▶ SOURCE RECORDS:
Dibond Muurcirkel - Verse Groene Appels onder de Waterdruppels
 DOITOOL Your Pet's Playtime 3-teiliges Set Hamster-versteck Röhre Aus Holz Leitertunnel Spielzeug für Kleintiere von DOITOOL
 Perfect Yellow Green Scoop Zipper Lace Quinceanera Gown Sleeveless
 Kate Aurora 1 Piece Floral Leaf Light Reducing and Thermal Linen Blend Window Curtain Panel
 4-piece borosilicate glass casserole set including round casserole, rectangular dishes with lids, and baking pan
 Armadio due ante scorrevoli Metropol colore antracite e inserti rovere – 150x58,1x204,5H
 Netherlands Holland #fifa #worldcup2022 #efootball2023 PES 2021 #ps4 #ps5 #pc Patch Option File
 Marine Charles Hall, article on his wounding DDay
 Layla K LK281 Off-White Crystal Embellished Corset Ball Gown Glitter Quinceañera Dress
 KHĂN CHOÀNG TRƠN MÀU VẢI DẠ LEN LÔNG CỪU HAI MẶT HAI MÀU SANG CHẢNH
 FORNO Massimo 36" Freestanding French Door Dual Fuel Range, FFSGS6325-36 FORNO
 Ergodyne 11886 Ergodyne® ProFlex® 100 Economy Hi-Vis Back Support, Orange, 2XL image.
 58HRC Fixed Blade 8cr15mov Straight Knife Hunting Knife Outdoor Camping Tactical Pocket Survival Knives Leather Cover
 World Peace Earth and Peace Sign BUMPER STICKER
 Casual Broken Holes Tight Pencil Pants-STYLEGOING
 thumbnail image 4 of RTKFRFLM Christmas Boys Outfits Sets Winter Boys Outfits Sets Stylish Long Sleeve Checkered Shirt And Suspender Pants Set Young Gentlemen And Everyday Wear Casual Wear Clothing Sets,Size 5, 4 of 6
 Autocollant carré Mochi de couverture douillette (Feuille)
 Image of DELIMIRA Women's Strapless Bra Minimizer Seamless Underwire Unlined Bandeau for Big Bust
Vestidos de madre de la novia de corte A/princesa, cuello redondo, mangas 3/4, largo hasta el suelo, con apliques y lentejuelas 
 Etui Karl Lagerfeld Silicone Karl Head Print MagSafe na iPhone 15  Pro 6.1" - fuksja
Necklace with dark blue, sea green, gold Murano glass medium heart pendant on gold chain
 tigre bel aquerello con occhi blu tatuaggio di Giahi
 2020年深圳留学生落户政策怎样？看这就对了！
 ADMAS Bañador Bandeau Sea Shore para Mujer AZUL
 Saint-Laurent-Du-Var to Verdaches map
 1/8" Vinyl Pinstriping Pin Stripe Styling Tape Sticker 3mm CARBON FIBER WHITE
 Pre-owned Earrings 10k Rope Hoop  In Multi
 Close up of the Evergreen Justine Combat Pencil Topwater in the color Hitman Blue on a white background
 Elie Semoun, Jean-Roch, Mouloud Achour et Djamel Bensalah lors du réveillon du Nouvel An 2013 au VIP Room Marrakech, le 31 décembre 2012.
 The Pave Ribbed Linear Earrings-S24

▶ YOUR GOAL:
Set down again, word for word, the stretch of records from the line with "DOITOOL Your Pet's" to the line with "Perfect Yellow Green", both of those lines included.

▶ SOLVED EXERCISE:
 DOITOOL Your Pet's Playtime 3-teiliges Set Hamster-versteck Röhre Aus Holz Leitertunnel Spielzeug für Kleintiere von DOITOOL
 Perfect Yellow Green Scoop Zipper Lace Quinceanera Gown Sleeveless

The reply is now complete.